11 – CRM: Como ter certeza de qual é o arquétipo certo para uma marca em específico?
Flávio: Tenho me dedicado a esse tema ao longo dos últimos dez anos de minha vida. Os Arquétipos são a linguagem do inconsciente, algo do que a recente neurociência está apenas se aproximando. Só que essa linguagem não é “certinha”, organizada como uma gramática. Não! Ela é caótica e se comunica através de imagens. Nós desvendamos o poder das imagens arquetípicas em uma enorme pesquisa envolvendo 2.000 pessoas em todo o país, de diversas idades, condições sociais, escolaridade etc. E o resultado é fabuloso porque prova empiricamente a universalidade das imagens arquetípicas: as emoções e sentimentos evocados por elas e que, se corretamente utilizados, podem ser transferidos às marcas. Desenvolvemos um software, o IMAGO SENSE, capaz de capturar a relação de uma determinada marca ou categoria com um arquétipo. Conseguimos medir de maneira empírica o poder associativo do inconsciente atrelado a uma marca. Mas isso é apenas parte do trabalho.

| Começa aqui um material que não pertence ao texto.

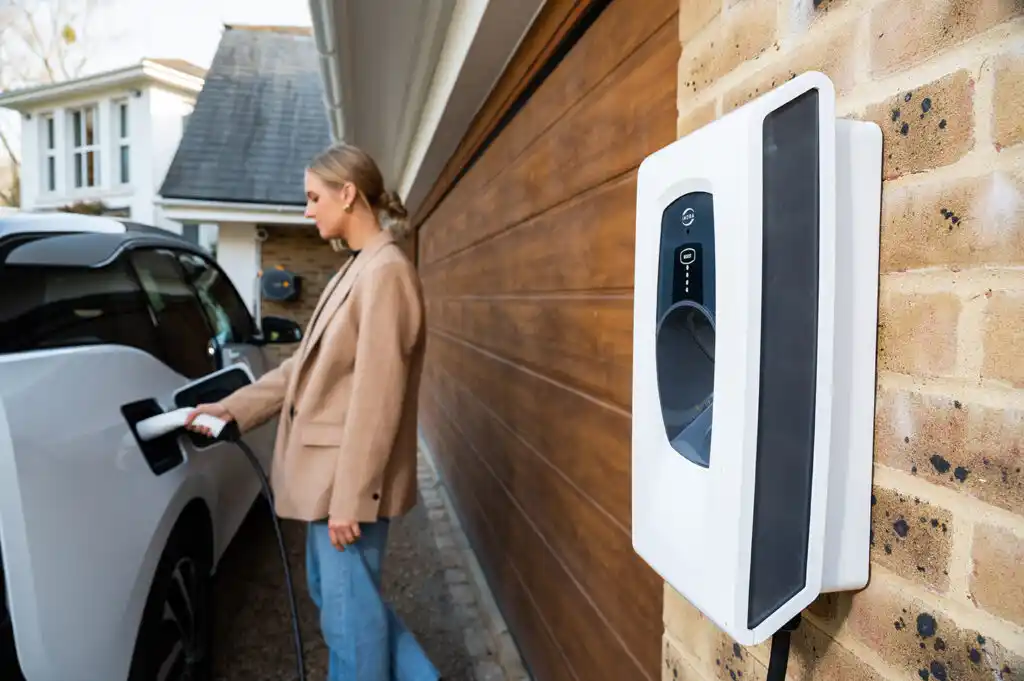 •	Woman plugging an electric vehicle into a home charging point - residential EV charger installation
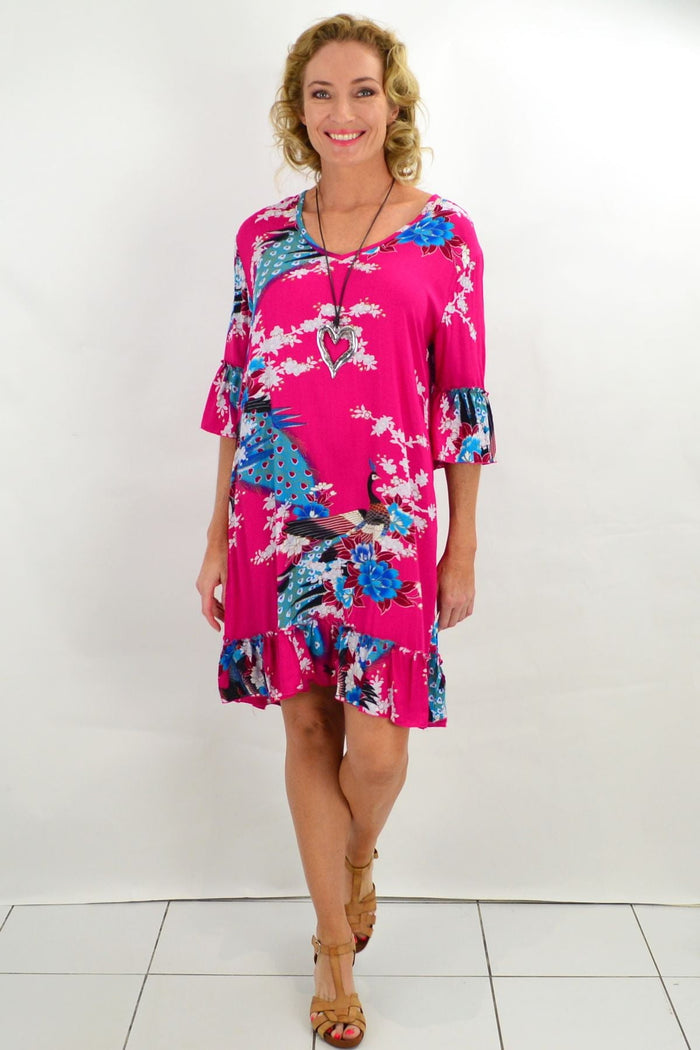 Pink peacock print tunic dress with 3/4 sleeves by Freez, featuring a flowing silhouette and vibrant feather design.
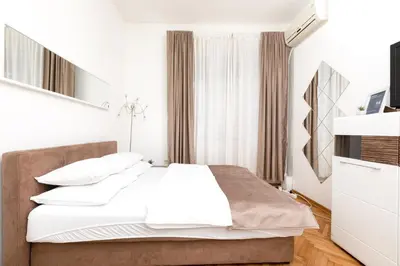 a bedroom with a bed with white sheets and pillows at 1st Belgrade Apartment in Belgrade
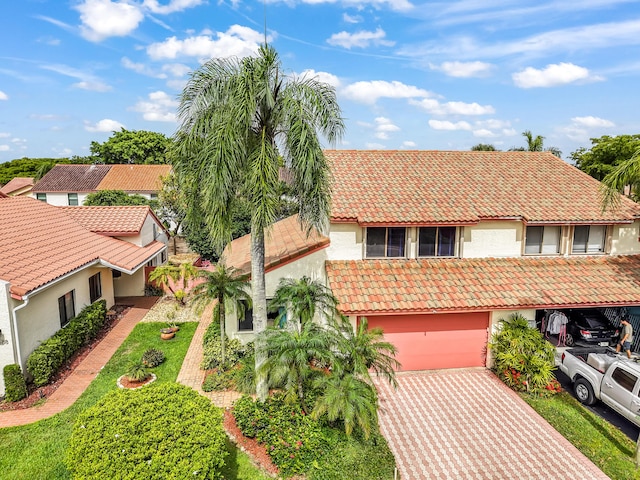 21596 Magdalena Ter, Boca Raton, FL 33433 - view of front facade with a tiled roof, stucco siding, an attached garage, and driveway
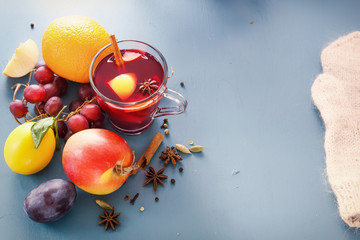 Winter alcoholic drinks - mulled wine, punch, grog. Glass jars with mulled wine. Hot fruit tea. Spices, fruit. Hot wine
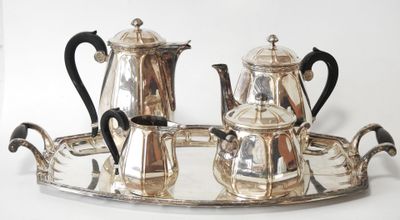 a silver tray with a silver tea set on it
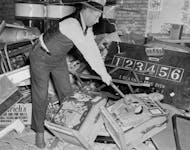 Hennepin County deputy sheriff C. V. Swanberg destroyed paraphernalia from a gambling club in 1939.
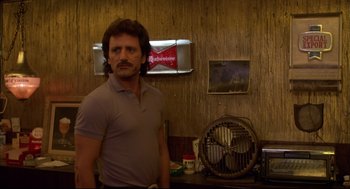 Movie still from “Barfly” (1987), directed by Barbet Schroeder – A man standing next to a fan in a room; Medium shot, Low angle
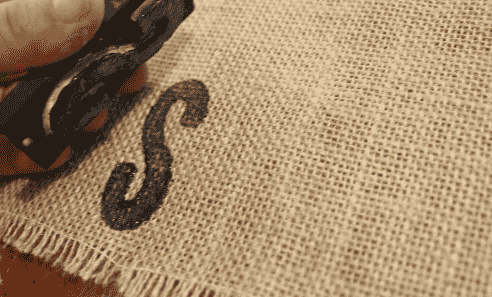 Stamping burlap.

12 – CRM: O que muda na gestão de uma marca quando ela passa a ter consciência de seu arquétipo dominante.
Flávio: Você já antecipou a minha resposta quando usou a palavra consciência. A partir da tomada de consciência de que arquétipo move a marca, nós iniciamos o verdadeiro trabalho de transformação. Depois disso muitas novas ideias afloram, é um movimento que até hoje me espanta, mas só são implementadas aquelas que favorecem a identidade arquetípica da marca: seja em embalagem, formas de se relacionar com o cliente e com o público interno, tipos de produto e serviços a serem lançados, enfim, a consciência do arquétipo dominante energiza a marca e o que é melhor energiza as pessoas, porque oferece um profundo senso de propósito e propósito é o que nos energiza para acordar todas as manhãs e dormir em paz todas as noites.